Слушая его, Совершенный долго колебался, раскрывать рот или нет. И все-таки желание запустить Брэшену еще одну колючку под шкуру оказалось сильнее всего.

— Да еще и Альтия на тебя рассвирепела, — сообщил он капитану. — Меня от нее аж то в жар, то в холод бросает!

Он очень надеялся, что Брэшена разгневают эти слова. Тогда он знал бы, чем ответить. Это куда проще, чем иметь дело с бездонной печалью вроде той, которую излучал капитан. Когда собеседник злится и топает ногами, достаточно лишь орать в ответ громче, чем орут на тебя.

Сейчас же кончилось тем, что ему самому пришлось содрогнуться, ощутив, как жутко съежилось у Брэшена сердце.

— И это тоже, — согласился капитан еле слышно. — Она со мной совсем разговаривать перестала. А я в толк не могу взять, за что?

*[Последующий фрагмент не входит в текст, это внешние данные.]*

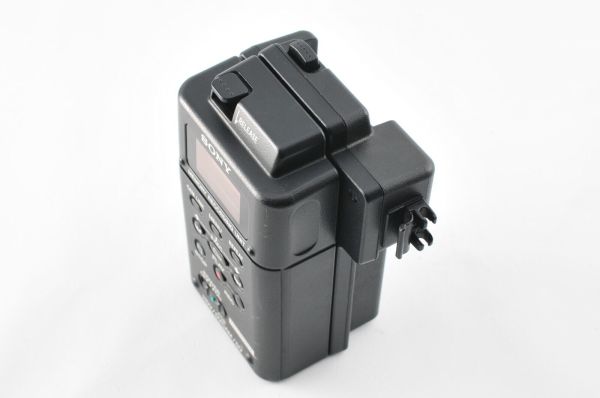 SONY HVR-MRC1 Gravador de cartão compactflash para Z5/Z7 usado - foto 4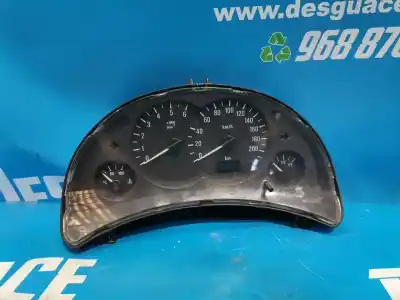 Second-hand car spare part dashboard for opel corsa c (x01) 1.0 (f08, f68) oem iam references 87001384  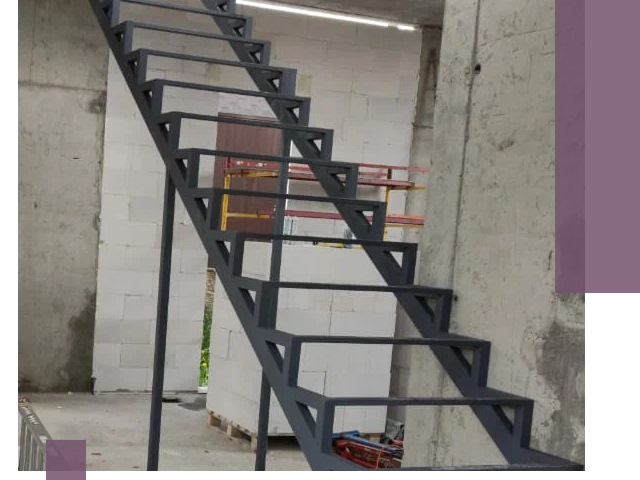 Демонтаж металлических лестниц в Армавире быстро и безопасно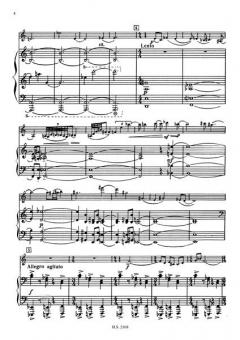 Sonate Nr. 2 von Andrej Eschpai für Violine und Klavier im Alle Noten Shop kaufen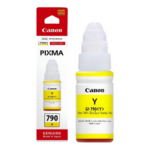 CANON GI 790 INK BOTTLE YELLOW 70ML ORIGINAL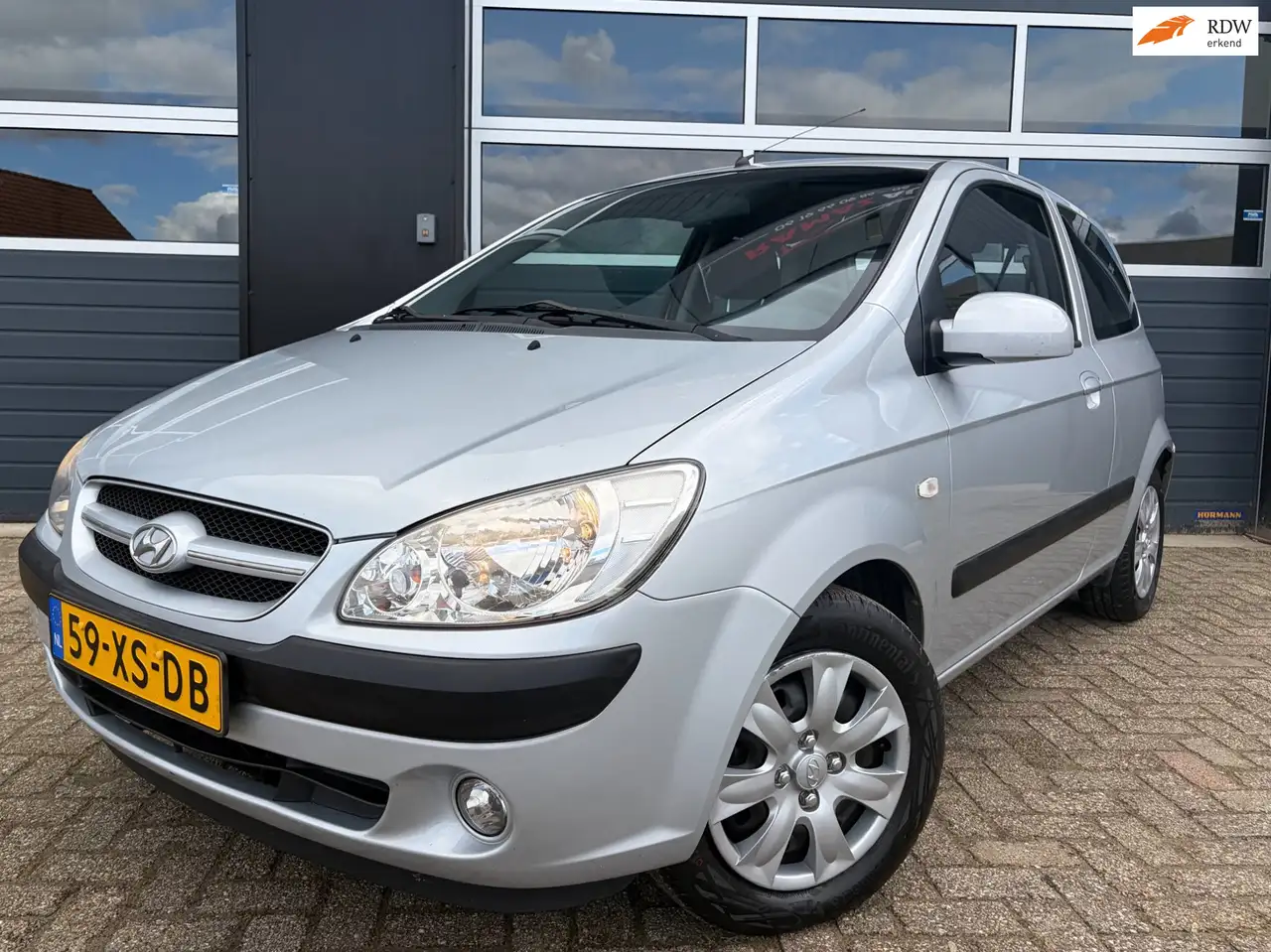 Hyundai Getz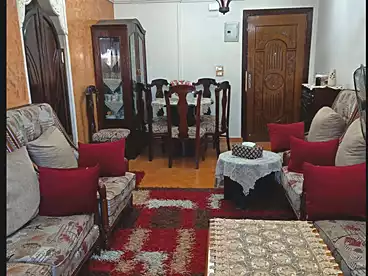 عقارات للبيع في شارع رستم، حلوان، 135 متر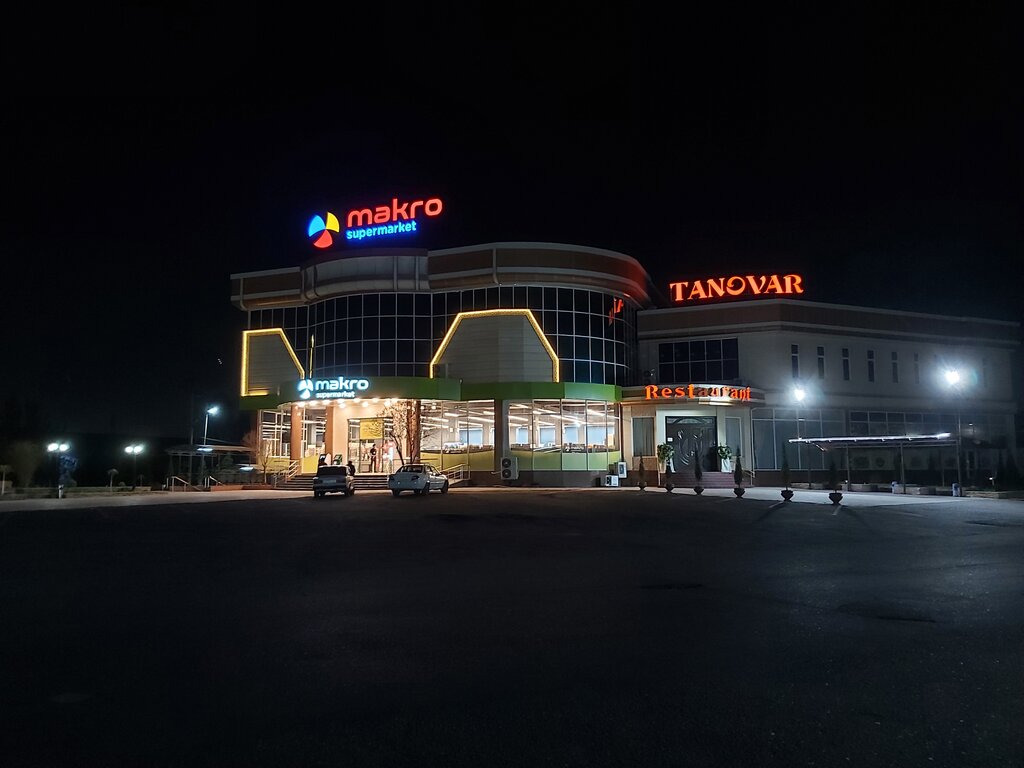 Restaurant Tanovar Sadosi, Tashkent, photo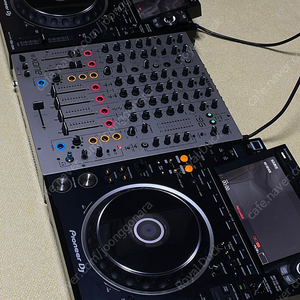 [판매] CDJ 3000 2대 + Xone 96 or Model1 세트. (v10 + 추금가능) 풀덱세이버.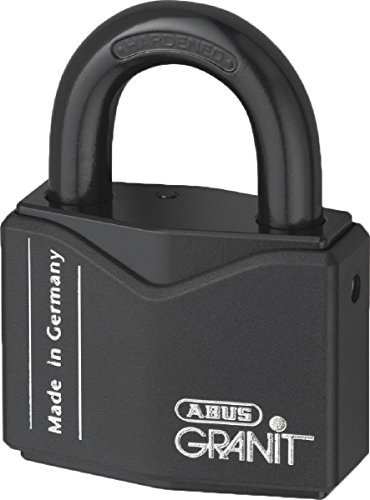 ABUS GRANIT Vorhangschloss 37/55, 00842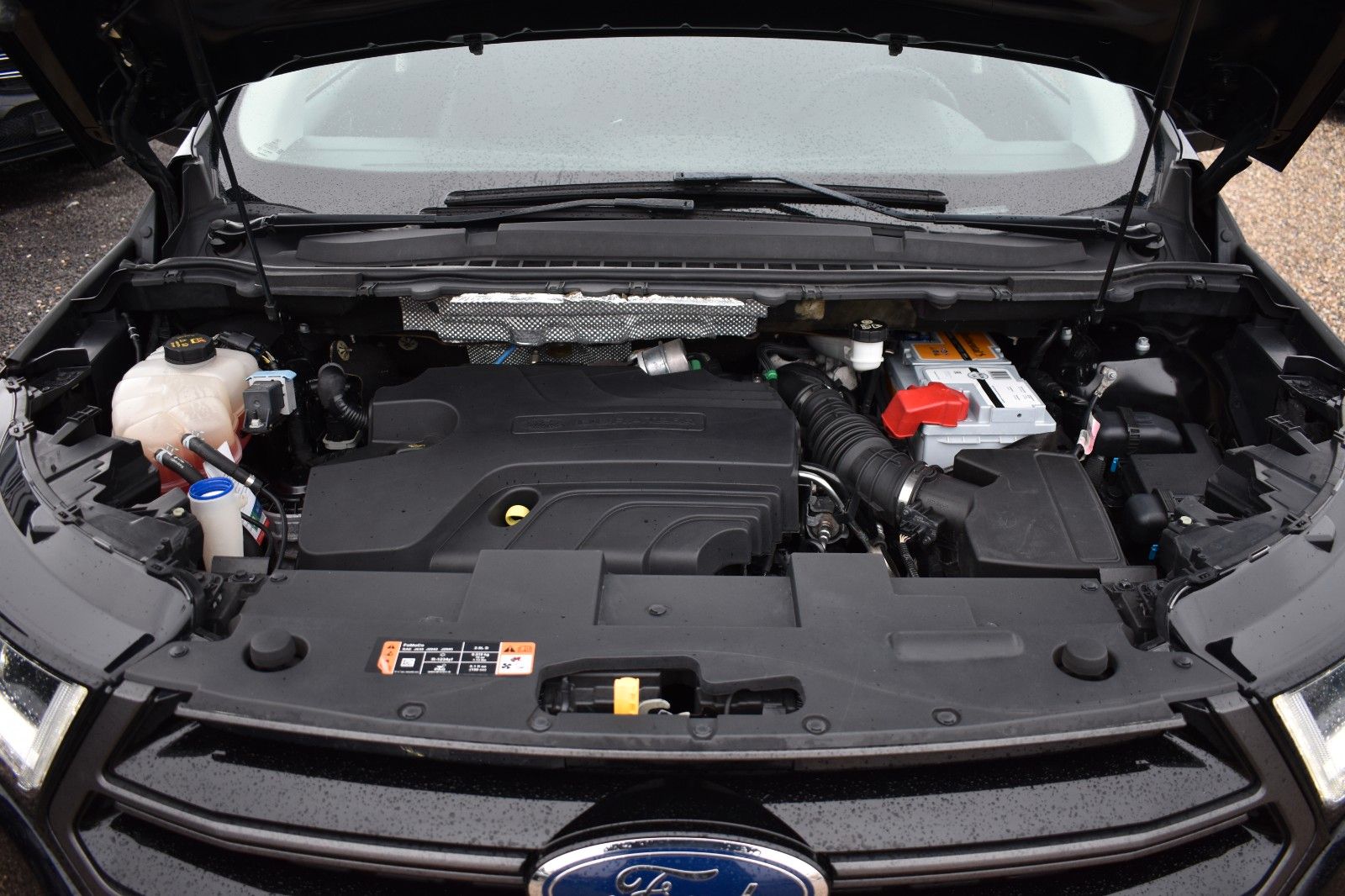 Fahrzeugabbildung Ford Edge ST-Line 4x4 Kamera Sitzbelüftung ACC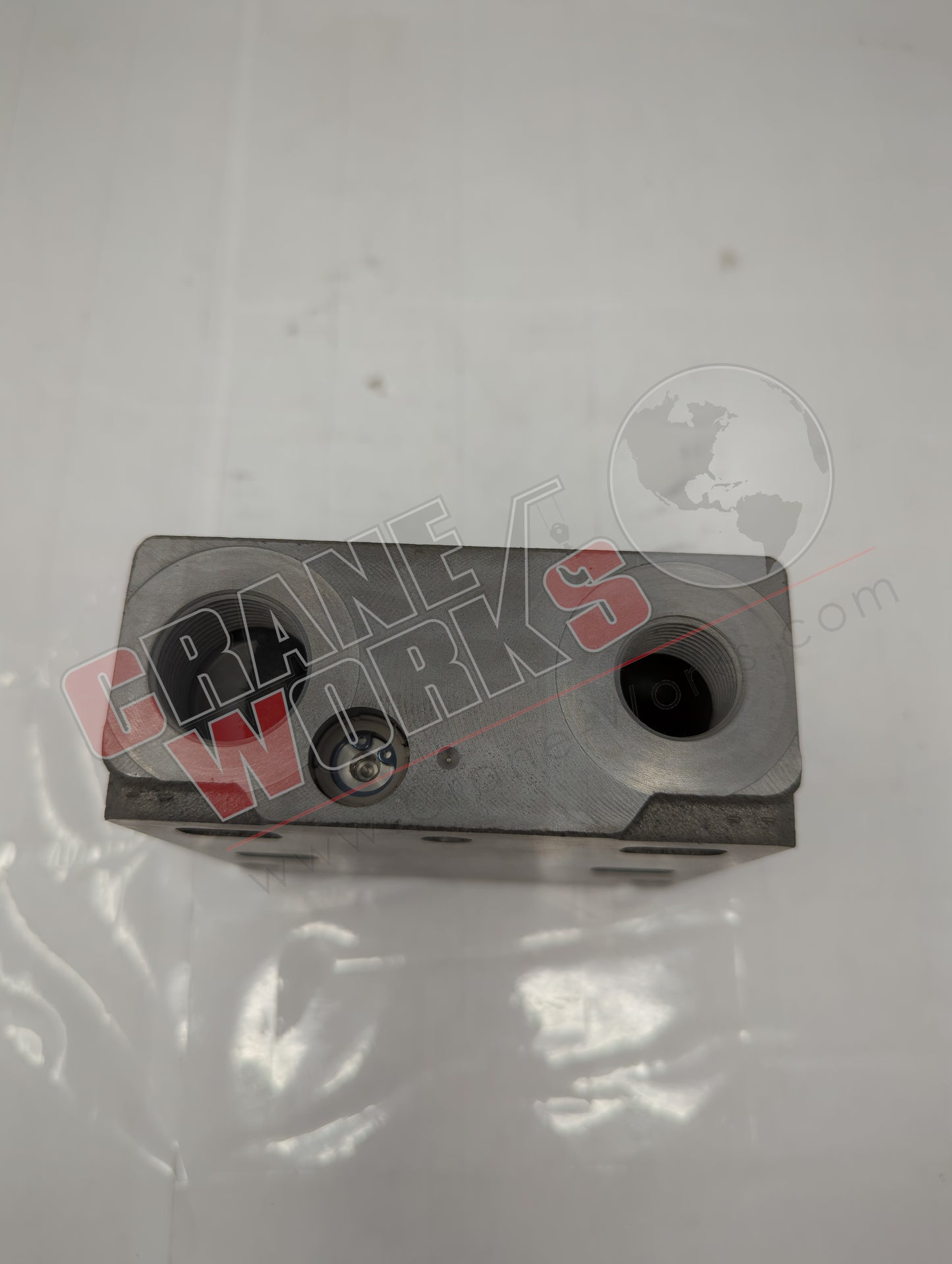 EV5050 | New End Cover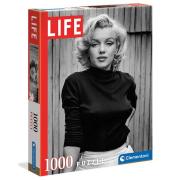 Puzzle Clementoni Life Marilyn Monroe de 1000 Piezas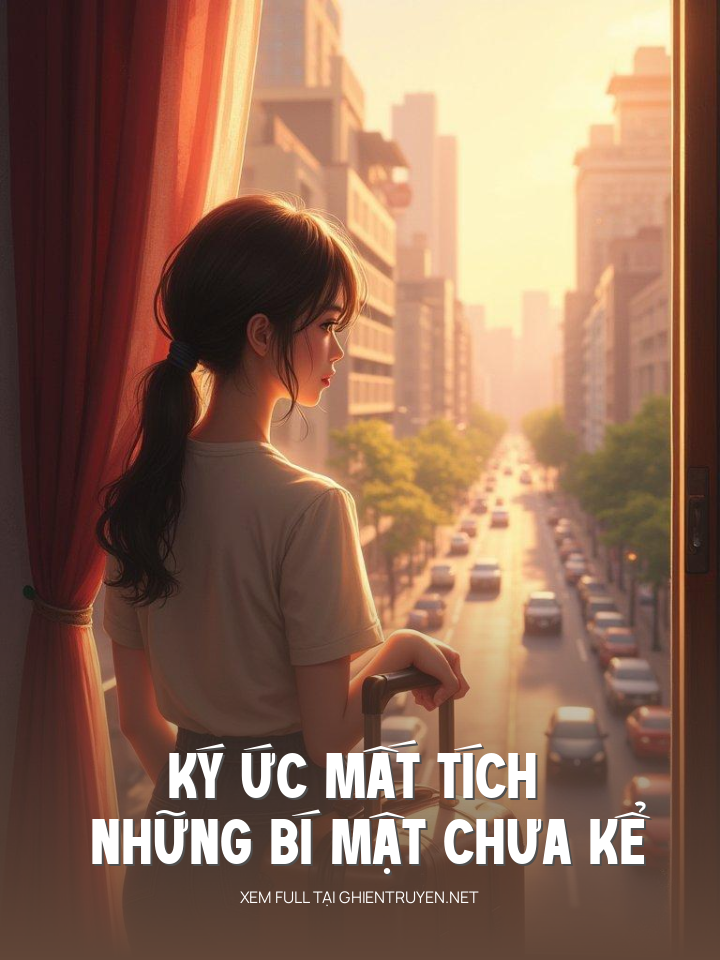 Ký Ức Mất Tích Và Những Bí Mật Chưa Kể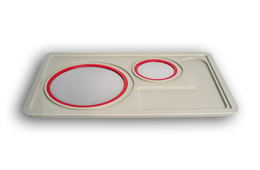 Khay thức ăn - Tray Gastronorm CL-MM1/1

— Не то чтобы перестала, — зло возразил Совершенный. Это только он умел мрачно молчать сутками и неделями. Больше ни у кого так не получалось, как у него.

— Ну да, конечно, — усмехнулся Брэшен. — «Да, кэп» и «нет, кэп». Вот и все, что я последнее время от нее слышу. И глаза — холодные, как мокрая галька на берегу. А я не могу до нее достучаться! — Это были слова, которые, как отлично понимал Совершенный, Брэшен удержал бы в себе, если бы мог. — Она так мне нужна! Хоть один человек в команде, о котором я мог бы сказать: вот уж кто мне нипочем нож в спину не воткнет. А она смотрит то мимо меня, то куда-то сквозь, как будто я стал для нее пустым местом. На остальных мне плевать, но она… И я так хочу, чтобы…

Брэшен умолк, так и не договорив.

— А ты шваркни ее на койку да трахни, — посоветовал Совершенный. — Небось сразу начнет тебя замечать.

Он очень надеялся, что Брэшен хоть тут сорвется и заорет. Однако никакого взрыва ярости и негодования так и не последовало — лишь молчаливая волна полнейшего отвращения.

— И где только ты такого набрался? — по-прежнему негромко спросил наконец капитан. — Я же знаю твою семью, Ладлаков. Что верно, то верно, люди они крутые. Прижимистые насчет денег и в сделках безжалостные. Но зато прямые и справедливые. И никаких убийц и насильников среди них отродясь не водилось. Откуда же такое в тебе?

— А ты не думал, что Ладлаки, которых довелось знать мне, были вовсе не чистоплюями? Я видел сполна убийств и насилий, Брэшен. И происходило это прямо на моей палубе, ровно там, где ты сейчас стоишь!